Monday, December 23, 2013


“In the depth of winter, I finally learned that within me there lay an invincible summer.” - Albert Camus

My wife and I rarely celebrate the new year on New Year's Eve. Oh, we find a restaurant having some kind of special, have an early dinner and get the truck into the garage before Amateur Hour begins. Staying up into the wee hours drinking heavily...not on our radar.

Winter solstice - there is something into which to sink the teeth. It represents the "shortest" day of the year (not to be confused with the actual shortest day, occurring about 620 million years ago, when it was about 21.9 hours. But I digress). Daylight lasting just over nine hours, making possible the phenomenon of working day watch and seeing both sunrise and sunset in a single ten hour shift. But, again....

Cultures all over the world celebrate winter solstice as a more recognizable new year. Each day henceforth adds about one minute of daylight - glorious, blissful blue sky. The warmth of the sun on the face, added cycling time. The slow, inevitable build up to shorts weather, kindle on the back deck. That's the day we celebrate.

Winter solstice is also traditionally a time to let go. Releasing the self-inflicted demons of a tumultuous year has a cathartic effect, a calming that serves to regenerate the soul. 2013 had given (Memories and Miles) and it had taken away (The Last Out). The actual moment - about 1315 hours (quarter after one in the afternoon) - passed shortly before I stood in the cold watching someone do roadsides. I left there to help corral several juvenile shoplifters who had fled from Sears loss prevention associates.

Stumbling while running full speed in a park (at fifty-nine years old) usually results in A) A spectacular tumble, or B) Over-reliance on some structural member. I chose Plan B. I think the pop could be heard back at the station. I was no longer running very fast, nor very comfortably. Yes, officers more athletic than I finally caught up with them.

Discomfort is such an elastic concept. Groaning, whimpering, I manfully adopted several positions on the couch as we watched It's a Wonderful Life. Sure, tell that to the glute muscle screaming in protest. "Have you taken an Aleve?" asked my sympathetic wife. Apparently I was drowning out some of the dialogue.
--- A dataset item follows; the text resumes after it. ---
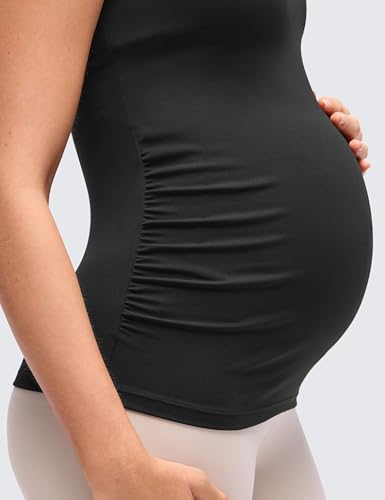 CRZ YOGA Maternity Nursing Tank Tops - color: Black, size: Small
Bed. Ah... I'll be better in the morning, I heal quickly. Aroused from slumber around two, I trundle off for the bathroom. In the darkness I do not see that the drain trap has separated and there is water on the floor. My usually sturdy right leg fails to keep me upright and I reach for the only prop available. It fails, too, as my flailing kicks out a support. The now monopod tipping sink pins a can of gel shaving cream up against a soap dish and, like crazy string it expends everywhere. And then expands into green foam. Soaked, I return to bed.

The bed collapses.

Let me explain. We have a sort of Tempurpedic-style bed. The memory part of is is wonderful, but the box springs unfold like an accordion. Of course, anything that unfolds can refold, and as it aged the shoddy workmanship became evident. I was able to keep it going with a series of shims and screws but eventually.... 

Head dramatically lower than feet, I surrender and march off to the spare bedroom. My wife joins me shortly thereafter.

Her: "How come you're wet?"
Me:  "Go to sleep."
Her: "Do you want to change?" 
Me:  "Will you shut up about it already?"

Happy first day of the new year, Winter Solstice style. 


  1. I feel terrible for laughing but I'm laughing more because now I know where I get it from! Maybe today will be better. :)

  2. Hahaha!!! It finally seemed funny after a good night's sleep.